_Task requirements:_
Find the line with "Life Reimagined: My" in the records below. Output exactly from there until after the line with "Stefanie Höfler: Tanz", without pictures.

_Stored data:_
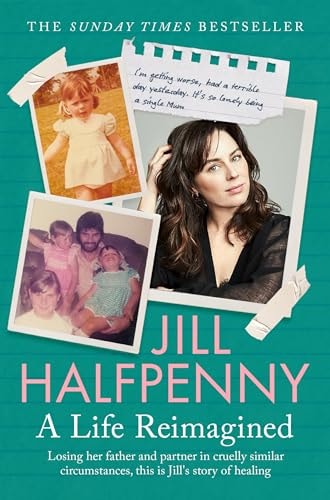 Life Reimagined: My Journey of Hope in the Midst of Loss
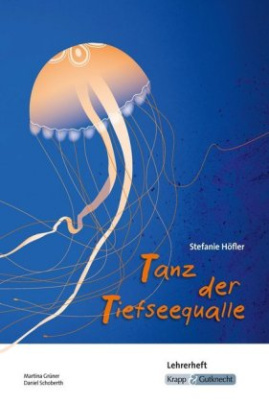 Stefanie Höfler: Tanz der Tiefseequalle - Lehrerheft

...

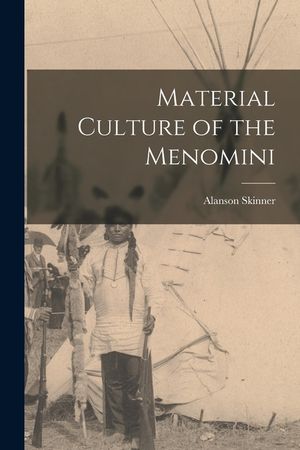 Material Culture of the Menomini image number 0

_Response to the task:_
 Life Reimagined: My Journey of Hope in the Midst of Loss
 Stefanie Höfler: Tanz der Tiefseequalle - Lehrerheft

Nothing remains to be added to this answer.